Mon travail est de nouveau à l’honneur dans le trimestriel de la chanson française, Hexagone. 

J’étais déjà ravie que mon album y ait trouvé une place le trimestre dernier !

Et voici donc ci-dessous la chronique parue dans Hexagone suite à mon dernier concert à Paris au Connétable.

Merci à toutes celles et tous ceux qui étaient là le 9/7 et merci à Nicolas Brulebois ainsi qu’à toute l’équipe du magazine Hexagone.

A bientôt,

Mathilde

Mes prochains concerts :

DIE (26), jeudi 16/10 au Café-théâtre Andarta (57 Rue Emile Laurens, 26150 Die), à 18h.

PARIS, mercredi 29/10 au Connétable (55 rue des Archives dans le Marais), à 21h30.

PARIS, jeudi 30/10 au Café Trockette (125 rue du Chemin Vert, 11e arrondissement), à 19h30.

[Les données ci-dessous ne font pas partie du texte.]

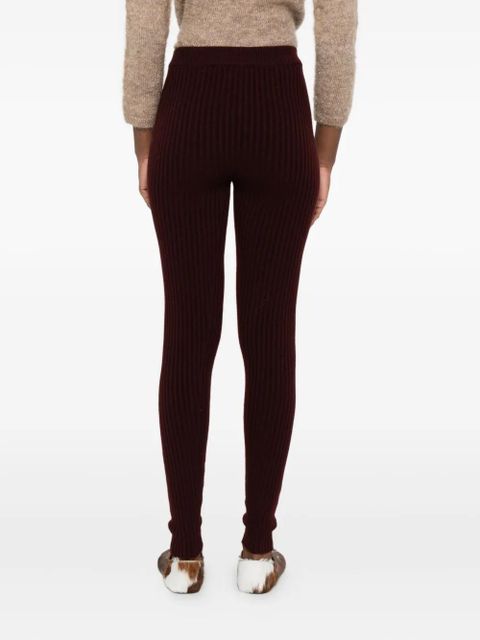 Max Mara ribbed leggings - Red - zdjęcie produktu nr 2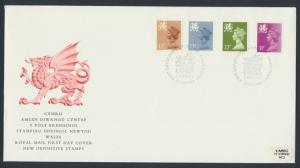 GB - Wales  SG W38 - W65 SC# WMMH21 - WMMH53 Machin 13p 17p 22p 31p see details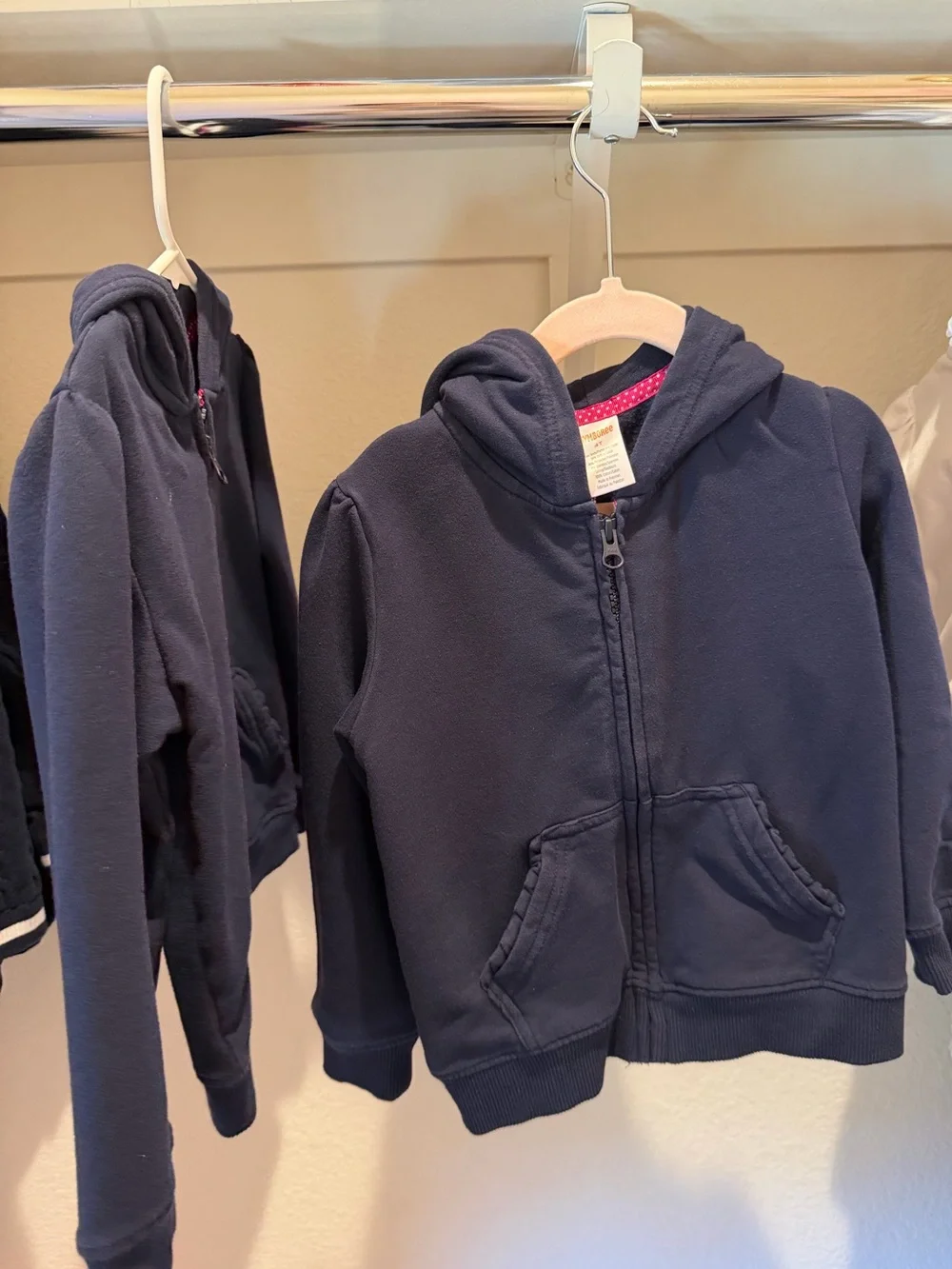 Gymboree girls lot of 2 tops 1 sweater and 2 hoodies navy school uniform 4T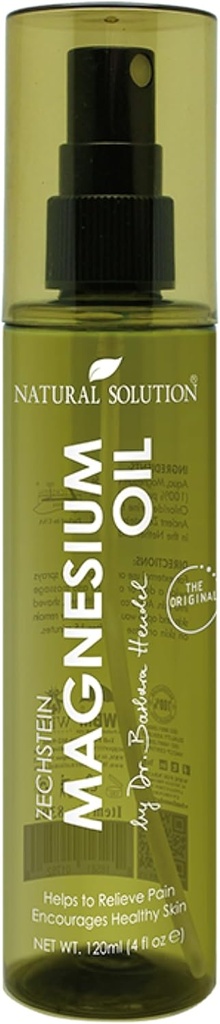 Natural Solution Pure Zechstein Magnesiumöljysumute, Ultra-Pure ja tehokas, Natural Relief & Sleep Support 4 Oz, Fast-Absorbing Magnesiumsumute lihakseen, stressi helpotus ja parempi uni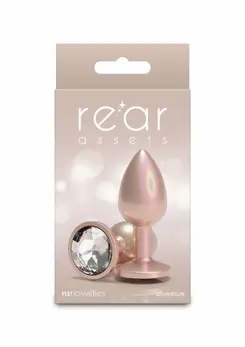 Blush Iridescent Plug Small Chrome-Plated Trainer, Compact Size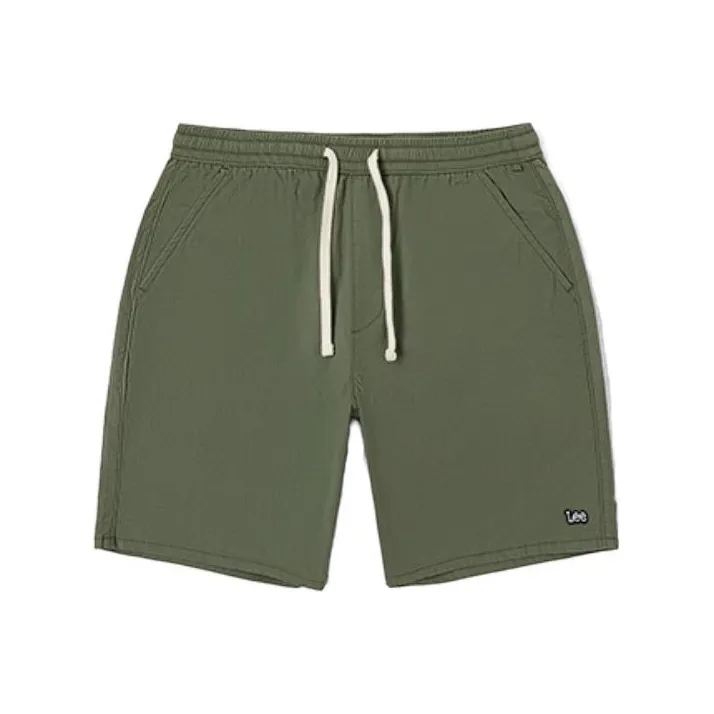 Lee Casual Shorts Men Olive Green-0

VOIRON (38), vendredi 28/11 à l’Absinthe (27 rue du Mail, 38500 Voiron), à 20h.

MATHILDE DIONNET

LE CONNÉTABLE PARIS (75) – LE 9 JUILLET 2025 

Après la belle surprise du disque (Hexagone n° 36 p. 28), nous voulions voir ce qu’il en était sur scène. Devant un public familier (son oncle, qui cosigne plusieurs chansons, son professeur de chant, etc.), accompagnée d’une guitariste très rock et d’un pianiste-violoniste arrangeur, Mathilde Dionnet rejoue son premier album, qu’elle n’hésite pas à qualifier de concept – « L’idée, c’est de se promener dans la vie d’un être humain. Beaucoup de moi, un peu de vous j’espère. » Les chansons qui en scène fonctionnent le mieux ne sont pas les mêmes que sur disque : on redécouvre la valse-hésitation De l’amour (« Arrête mais continue / À revenir à tout prix / Y aura des déconv’nues / Mais ça s’appelle la vie »), Reviens et son tourisme sentimental (« Et Pise ne penche que vers toi / Et Venise ne soupire que pour toi »>). Et surtout Te quitter, country rock euphorisant bissé à juste titre : un vrai tube qui met la salle en joie. L’artiste se fait plus grave pour parler d’exil en Méditerranée (« Et si ce mot pouvait enfin rimer / Avec espoir, entraide, humanité »), chanson issue de son premier EP. En sortant, une amie évoque << un côté boy scout rafraîchissant ». Ce n’est pas faux debout au micro, parfois au piano, voix claire, couleurs vives, Mathilde Dionnet s’affiche en grande fille simple et saine, apparemment sans zone d’ombre, dont les chansons positives mettent du baume au cœur. « Je sais qu’y a pas d’recette magique / Un marabout, l’hypnose, les narcotiques […] Rien qu’un refrain mais qui me fait du bien » (Mes deux yeux et les tiens). Et au public aussi. Parfois, quand le monde alentour va mal, on n’en demande pas plus.